今回、日本に販売店を置かない方針のヒョンデ自動車ですが、こちらの駐車場に早くも車が止まっています。
これはどういうことかというとカーシェアを利用しようという戦略です。

DeNA系のカーシェアサービス「エニカ」です。

リアウィンドウにあるセンサーに登録した運転免許証をかざすと…

大浜平太郎キャスター

カチャッと言いました。扉が。

入会金と月会費は無料で使用した分に応じて料金が発生する仕組みです。

ヒョンデはカーシェア企業向けに車を販売して日本市場に徐々に浸透させようと考えています。

一方のカーシェア企業はなぜヒョンデの車を採用したのでしょうか。

ディー・エヌ・エー ソンポ モビリティ
馬場光社長

アイオニック5が日本に入る前に燃料電池車のネッソを試乗した。
その時の感覚乗り心地が良かった。
最初は伸びないかもしれないが利用者が増えれば確実にリピーターが増える。
口コミが増えて好循環が生まれる

カーシェアを新しい販売手法に活用

ここで今回の平八郎の「へぇ~」ポイント「カーシェアを新しい販売手法に活用」。

ヒョンデの戦略はカーシェア企業に車を販売することだけではありません。カーシェアを活用した新たな仕組みを生み出しました。

ヒョンデの車を利用した人が気に入って新車を購入した場合はヒョンデからカーシェア企業に仲介料を支払うというものです。

購入した人にも3万円相当のクーポンを提供します。

さらに購入した人が車をカーシェア登録して、その車の利用者が再びヒョンデの車を購入した場合、カーシェア企業の仲介料だけでなく、車の所有者にはヒョンデから3万円相当のギフトカードが提供されます。

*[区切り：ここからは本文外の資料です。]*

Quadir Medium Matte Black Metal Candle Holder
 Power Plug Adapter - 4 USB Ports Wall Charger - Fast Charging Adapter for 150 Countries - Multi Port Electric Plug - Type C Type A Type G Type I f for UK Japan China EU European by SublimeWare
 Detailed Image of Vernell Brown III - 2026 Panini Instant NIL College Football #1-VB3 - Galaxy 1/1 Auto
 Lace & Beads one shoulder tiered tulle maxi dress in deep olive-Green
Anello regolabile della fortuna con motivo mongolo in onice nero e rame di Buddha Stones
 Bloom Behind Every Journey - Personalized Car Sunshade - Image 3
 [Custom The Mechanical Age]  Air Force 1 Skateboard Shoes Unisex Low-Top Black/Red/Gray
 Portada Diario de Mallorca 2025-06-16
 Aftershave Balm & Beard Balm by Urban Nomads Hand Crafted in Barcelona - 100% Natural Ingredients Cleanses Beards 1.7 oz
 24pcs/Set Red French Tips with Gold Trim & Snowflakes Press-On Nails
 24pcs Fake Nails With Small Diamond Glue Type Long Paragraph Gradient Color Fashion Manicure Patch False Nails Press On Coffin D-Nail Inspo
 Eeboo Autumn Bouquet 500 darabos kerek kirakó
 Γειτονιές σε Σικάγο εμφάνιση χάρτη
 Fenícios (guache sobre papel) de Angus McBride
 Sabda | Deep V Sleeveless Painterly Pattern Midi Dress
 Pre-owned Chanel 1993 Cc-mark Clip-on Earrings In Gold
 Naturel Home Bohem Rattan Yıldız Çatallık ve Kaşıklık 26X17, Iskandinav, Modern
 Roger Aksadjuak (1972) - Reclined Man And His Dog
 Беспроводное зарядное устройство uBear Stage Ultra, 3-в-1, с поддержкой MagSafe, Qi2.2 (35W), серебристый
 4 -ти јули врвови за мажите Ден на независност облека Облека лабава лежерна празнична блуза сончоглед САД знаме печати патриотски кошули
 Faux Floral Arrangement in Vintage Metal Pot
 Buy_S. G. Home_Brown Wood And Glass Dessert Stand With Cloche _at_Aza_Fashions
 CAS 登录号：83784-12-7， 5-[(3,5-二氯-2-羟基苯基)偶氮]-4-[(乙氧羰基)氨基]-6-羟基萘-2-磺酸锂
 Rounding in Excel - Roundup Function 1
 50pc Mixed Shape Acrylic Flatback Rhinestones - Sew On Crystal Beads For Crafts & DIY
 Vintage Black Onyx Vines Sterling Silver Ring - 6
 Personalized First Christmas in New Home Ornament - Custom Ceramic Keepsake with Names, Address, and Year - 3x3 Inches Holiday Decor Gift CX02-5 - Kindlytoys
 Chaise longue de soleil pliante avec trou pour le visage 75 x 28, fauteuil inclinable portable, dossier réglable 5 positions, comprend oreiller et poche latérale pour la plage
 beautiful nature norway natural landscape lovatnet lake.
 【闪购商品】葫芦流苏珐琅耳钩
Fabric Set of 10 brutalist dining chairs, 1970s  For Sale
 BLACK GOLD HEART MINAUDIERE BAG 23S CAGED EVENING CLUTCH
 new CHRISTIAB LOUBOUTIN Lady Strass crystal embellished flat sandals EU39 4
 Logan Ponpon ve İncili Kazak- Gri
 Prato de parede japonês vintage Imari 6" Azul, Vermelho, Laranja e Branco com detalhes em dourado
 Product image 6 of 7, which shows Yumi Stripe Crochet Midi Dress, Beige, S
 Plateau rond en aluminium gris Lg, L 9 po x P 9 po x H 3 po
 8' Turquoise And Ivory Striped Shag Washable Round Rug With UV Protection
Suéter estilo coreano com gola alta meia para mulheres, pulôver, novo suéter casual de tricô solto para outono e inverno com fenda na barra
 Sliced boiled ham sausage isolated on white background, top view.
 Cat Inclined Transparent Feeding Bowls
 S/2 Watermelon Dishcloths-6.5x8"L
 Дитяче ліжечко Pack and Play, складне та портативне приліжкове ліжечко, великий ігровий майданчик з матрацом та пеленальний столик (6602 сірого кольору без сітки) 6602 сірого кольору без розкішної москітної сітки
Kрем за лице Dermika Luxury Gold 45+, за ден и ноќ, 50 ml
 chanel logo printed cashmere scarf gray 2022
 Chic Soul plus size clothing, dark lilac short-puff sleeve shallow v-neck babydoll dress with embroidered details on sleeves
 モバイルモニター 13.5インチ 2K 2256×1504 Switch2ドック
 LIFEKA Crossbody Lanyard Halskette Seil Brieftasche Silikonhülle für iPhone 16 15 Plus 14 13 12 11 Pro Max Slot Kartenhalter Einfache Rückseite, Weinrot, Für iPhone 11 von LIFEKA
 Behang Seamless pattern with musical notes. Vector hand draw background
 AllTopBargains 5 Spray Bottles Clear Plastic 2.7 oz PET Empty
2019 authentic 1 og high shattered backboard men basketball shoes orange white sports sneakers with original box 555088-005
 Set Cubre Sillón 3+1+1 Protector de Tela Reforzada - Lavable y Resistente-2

カーシェア企業や車の所有者が販売に一役買い、メリットを得ることができる仕組みです。

ディー・エヌ・エー ソンポ モビリティ
馬場光社長

ヒョンデとの提携でいわゆるディーラー的な役割を持つ。
シェアによる売り上げとディーラー的な売り上げができる。
積極的にEV(電気自動車)を置けるようになった。
車(アイオニック5)に乗るために北海道や福岡から来た人もいる。
車にパワーがあれば人をひきつける。

開始からおよそ3ヵ月、ヒョンデはこの取り組みに手応えを感じているのでしょうか。

ヒュンデモビリティジャパン マネージングダイレクター
加藤成昭さん

街に車が見えて浸透することが安心感と信頼感を得るきっかけになる。
「最近見るようになったね」となればひとつの段階が過ぎたと考える。